Выбрать главу

В марксизме революции рассматривались как позитивный качественный скачок в развитии общества, которые одновременно являются кульминацией активности и самодеятельности народных масс. Владимир Ленин видел главное отличие марксизма от других социалистических учений в самом решительном признании «значения революционной энергии, революционного творчества, революционной инициативы масс, — также, конечно, отдельных личностей, групп, организаций, партий, умеющих нащупать и реализовать связь с теми или иными классами»[5]. Революции происходят, когда верхи не могут, а низы не хотят жить по-старому, и происходит ухудшение выше обычного нужд и бедствий трудящихся масс. Марксисты сознавали, что революции сопровождаются кровавыми эксцессами, но считали их неизбежными издержками неизбежного и крайне желательного процесса, подготовка которого, собственно, и составляла смысл их жизни.

Однако еще до появления Карла Маркса на свет возникли течения мысли, которые крайне негативно оценивали революции, основываясь на опыте, прежде всего, Великой Французской.
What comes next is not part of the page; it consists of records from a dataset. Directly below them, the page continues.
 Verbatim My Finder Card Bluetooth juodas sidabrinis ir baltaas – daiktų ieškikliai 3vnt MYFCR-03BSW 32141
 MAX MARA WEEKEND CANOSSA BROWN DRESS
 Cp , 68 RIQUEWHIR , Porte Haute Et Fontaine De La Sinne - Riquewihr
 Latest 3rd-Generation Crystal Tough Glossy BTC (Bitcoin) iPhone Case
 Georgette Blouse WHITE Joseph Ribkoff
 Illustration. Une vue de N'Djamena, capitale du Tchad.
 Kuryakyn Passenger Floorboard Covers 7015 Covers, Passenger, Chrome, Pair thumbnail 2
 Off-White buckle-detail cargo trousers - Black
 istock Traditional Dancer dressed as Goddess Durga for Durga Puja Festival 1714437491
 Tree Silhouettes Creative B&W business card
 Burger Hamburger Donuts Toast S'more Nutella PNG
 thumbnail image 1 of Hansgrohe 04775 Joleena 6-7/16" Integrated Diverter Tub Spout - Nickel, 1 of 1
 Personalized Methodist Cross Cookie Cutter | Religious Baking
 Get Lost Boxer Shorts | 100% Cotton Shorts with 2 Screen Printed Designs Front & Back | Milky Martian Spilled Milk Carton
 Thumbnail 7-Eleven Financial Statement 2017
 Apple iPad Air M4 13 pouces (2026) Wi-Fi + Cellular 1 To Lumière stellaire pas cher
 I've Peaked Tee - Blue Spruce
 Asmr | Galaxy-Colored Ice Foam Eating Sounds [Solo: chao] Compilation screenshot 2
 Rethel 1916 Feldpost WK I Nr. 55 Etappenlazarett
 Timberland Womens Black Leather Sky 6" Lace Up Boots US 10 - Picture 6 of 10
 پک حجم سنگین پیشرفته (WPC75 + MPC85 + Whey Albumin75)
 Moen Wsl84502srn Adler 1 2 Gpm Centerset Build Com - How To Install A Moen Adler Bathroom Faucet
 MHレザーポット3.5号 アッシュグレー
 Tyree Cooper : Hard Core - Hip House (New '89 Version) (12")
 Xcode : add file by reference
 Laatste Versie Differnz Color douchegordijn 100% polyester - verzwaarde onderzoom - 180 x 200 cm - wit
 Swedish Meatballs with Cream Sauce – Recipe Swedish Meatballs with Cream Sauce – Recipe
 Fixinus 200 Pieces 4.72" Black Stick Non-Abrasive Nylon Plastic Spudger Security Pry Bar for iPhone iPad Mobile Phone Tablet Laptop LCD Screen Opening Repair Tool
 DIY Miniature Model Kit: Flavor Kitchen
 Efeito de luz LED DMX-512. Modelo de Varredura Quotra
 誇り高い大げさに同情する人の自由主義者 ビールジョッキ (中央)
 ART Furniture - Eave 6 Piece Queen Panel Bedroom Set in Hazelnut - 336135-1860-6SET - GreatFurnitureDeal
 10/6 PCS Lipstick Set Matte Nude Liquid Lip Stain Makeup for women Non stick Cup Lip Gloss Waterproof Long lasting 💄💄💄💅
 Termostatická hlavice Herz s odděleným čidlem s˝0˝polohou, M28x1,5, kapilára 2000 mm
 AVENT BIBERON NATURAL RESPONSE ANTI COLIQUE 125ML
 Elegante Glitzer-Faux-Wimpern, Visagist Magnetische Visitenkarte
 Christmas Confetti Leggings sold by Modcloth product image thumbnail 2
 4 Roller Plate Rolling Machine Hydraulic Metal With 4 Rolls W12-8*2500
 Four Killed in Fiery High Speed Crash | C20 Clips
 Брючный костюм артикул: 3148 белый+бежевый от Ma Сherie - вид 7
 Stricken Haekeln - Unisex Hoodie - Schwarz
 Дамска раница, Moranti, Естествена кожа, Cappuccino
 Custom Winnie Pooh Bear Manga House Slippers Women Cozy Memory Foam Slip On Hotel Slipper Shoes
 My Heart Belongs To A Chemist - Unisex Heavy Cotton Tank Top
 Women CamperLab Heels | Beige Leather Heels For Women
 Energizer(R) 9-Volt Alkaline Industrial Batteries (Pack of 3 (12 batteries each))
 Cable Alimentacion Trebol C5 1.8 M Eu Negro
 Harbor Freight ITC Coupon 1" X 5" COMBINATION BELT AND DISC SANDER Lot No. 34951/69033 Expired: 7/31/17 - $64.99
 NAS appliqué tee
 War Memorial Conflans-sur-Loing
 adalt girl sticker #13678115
Наиболее ярким их представителем выступал основоположник консерватизма Эдмунд Берк, который так характеризовал деятельность французских революционеров: «Я постоянно убеждаюсь в том, что любая попытка — какую бы форму она не принимала — подавлять, лишать титулов, разорять, реквизировать имущество и разорять родовую знать, а также уничтожать земельную собственность целой нации, не может быть оправдана… Я непоколебимо убежден в том, что схема передачи высшей власти государства в руки церковных старост, констеблей или других подобных чиновников, руководствующихся благоразумием сутяг-адвокатов и еврейских биржевых спекулянтов, подстрекаемых бесстыжими и до крайности низко падшими женщинами, владельцами гостиниц, таверн, публичных домов, наглыми подмастерьями, клерками, посыльными, парикмахерами, уличными скрипачами и театральными танцовщицами… — неизбежно должна воплотиться в нечто постыдное и разрушительное»[6]. Причины революций консерваторы усматривали не в действии неодолимых сил истории, а в несовершенстве человеческой природы.

Либеральные трактовки революций, рассматривающие их как естественное стремление людей к свободе и демократии, которому препятствует старый режим, восходят, скорее, к Алексису де Токвилю. «Мы живем в эпоху великой демократической революции, — писал он. — …Одни считают ее модным новшеством и, рассматривая как случайность, еще надеются ее остановить, тогда как другие полагают, что она неодолима, поскольку представляется им в виде непрерывного, самого древнего и постоянного из всех известных в истории процессов… Повсеместно самые различные события, случающиеся в жизни народов, оказываются на руку демократии… Постепенное установление равенства условий есть предначертанная свыше неизбежность. Этот процесс отмечен следующими основными признаками: он носит всемирный, долговременный характер и с каждым днем все менее и менее зависит от воли людей; все события, как и все люди, способствуют его развитию»[7].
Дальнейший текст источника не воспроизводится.